Great-Granny Spy Prosecution Sought
MARA D. BELLABY
Sep. 13, 1999
LONDON (AP) _ A British Cabinet minister called an urgent meeting with the head of Britain's spy agency to determine why a great-grandmother, who once spied on Britain for the Soviet Union, was never prosecuted.
Home Secretary Jack Straw was expected to receive a full report today from Stephen Lander, head of the MI5 intelligence agency, as Prime Minister Tony Blair's Labor government came under increasing pressure to prosecute the 87-year-old woman.
News reports alleged the spy agency kept the government in the dark for years after finding out that Melita Norwood had been spying for the Kremlin.
Mrs. Norwood, a former secretary at British Non-Ferrous Metal Research Association, handed over Britain's atomic secrets to the Soviet Union, news reports said. She began spying in 1937 and continued until her retirement in 1972, they said.
``Many spies have been jailed for up to 40 years,'' said Ann Widdecombe, of the opposition Conservative Party, which led calls for Mrs. Norwood to face the courts. ``It seems inexplicable that a handful of people are going to get away with it.''
On Saturday, Mrs. Norwood _ now a frail figure with wispy gray hair _ read a statement in her suburban London garden saying she had no regrets and would do it all again.
``I did what I did, not to make money, but to help prevent the defeat of a new system which had at great cost given ordinary people food and fares which they could afford, good education and a health service,'' she said.
Her work as a spy was revealed in copies of thousands of KGB documents brought out of the Soviet Union by Vasili Mitrokhin, an archivist for the Soviet intelligence service who defected to the West in 1992.
The documents are the backbone of a book, to be published later this month, by Cambridge historian Christopher Andrew. Titled ``The Mitrokhin Archive,'' the book is being serialized by The Times of London.
The newspaper said Monday that Mitrokhin, 77, now a British citizen, is living under a false name with round-the-clock protection.
Mitrokhin fears reprisal from Russia because of his treachery in smuggling out the documents, which may unmask further spies, The Times said.
A second Briton, former policeman John Symonds, was also revealed in the documents.

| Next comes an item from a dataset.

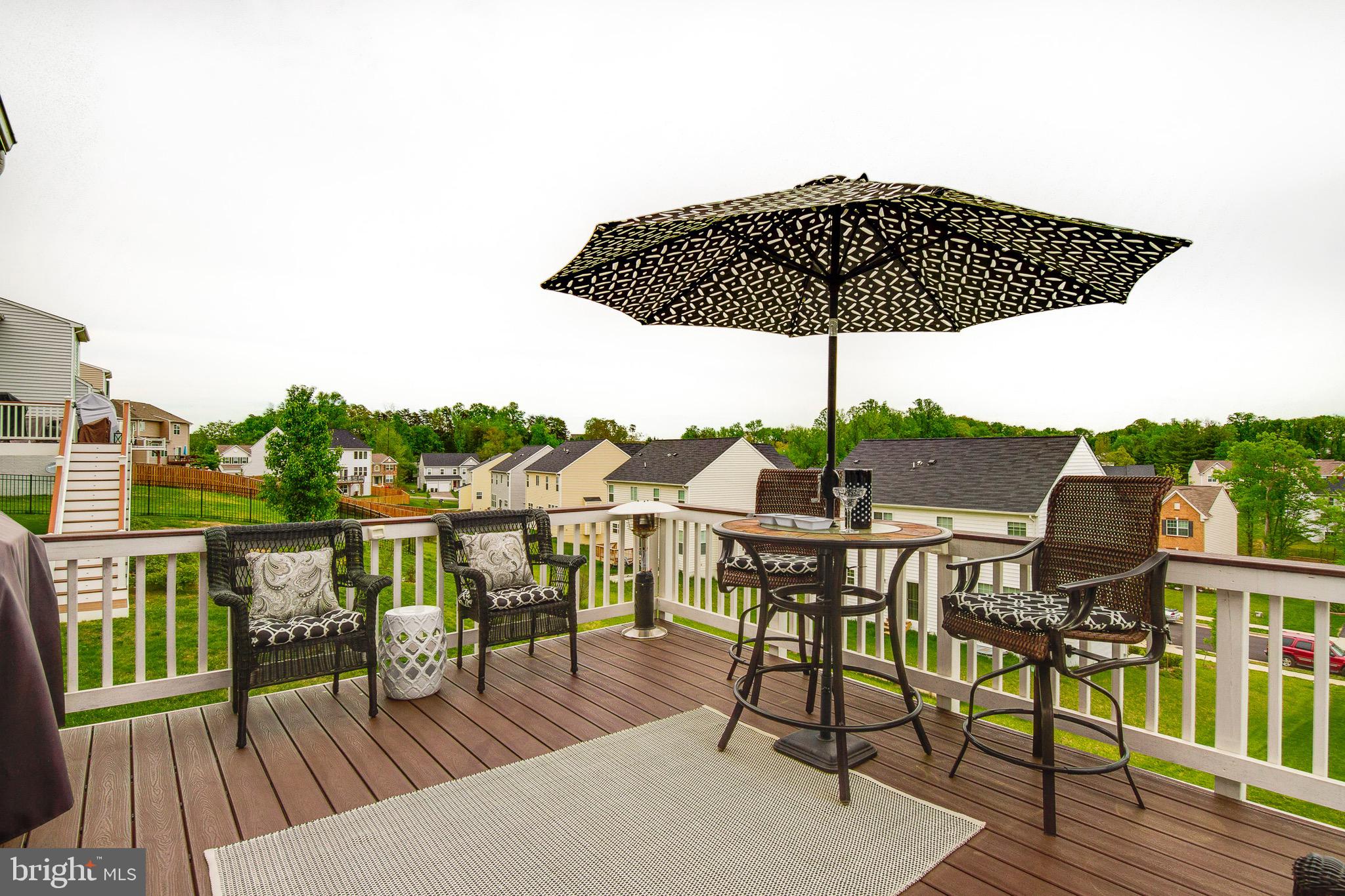 EAGLES POINTE - Residential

Symonds, now 64, said the Soviets trained him to be a so-called ``Romeo agent'' who seduced women working at Western embassies into revealing secret information.
``I was taught how to be a better lover, or perhaps I wasn't a very good one before,'' he said in a British Broadcasting Corp. documentary, to be broadcast on Sept. 19. Excerpts were screened Sunday.
Symonds, who was wanted on corruption charges when he fled Britain in the 1970s, told the BBC he was recruited in Morocco and carried out regular undercover missions for the KGB between 1972 and 1980.
News reports said he returned to Britain in 1980, gave himself up and served a two-year sentence on corruption charges. Symonds first confessed his spying in an interview with the Daily Express in January 1985.
Meanwhile, news reports said Britain's spy agency had identified Mrs. Norwood shortly after Mitrokhin fled Russia, but failed to inform government officials until this summer. No explanation was given for the delay.
``The Mitrokhin Archive'' makes other, wide-ranging claims of Cold War Soviet espionage, The Sunday Times and CBS' 60 Minutes reported, including that the KGB planted rumors that the CIA assassinated President John F. Kennedy.
The newspaper and 60 minutes also reported that booby-trapped explosives were hidden across the United States and Europe to target pipelines, railways, oil refineries and electrical stations. The Times, the sister paper of The Sunday Times, said records of the exact locations have disappeared.
A KGB plan to disrupt the investiture of Prince Charles as the prince of Wales in 1969 was also disclosed. But the scheme was later aborted, according to The Times.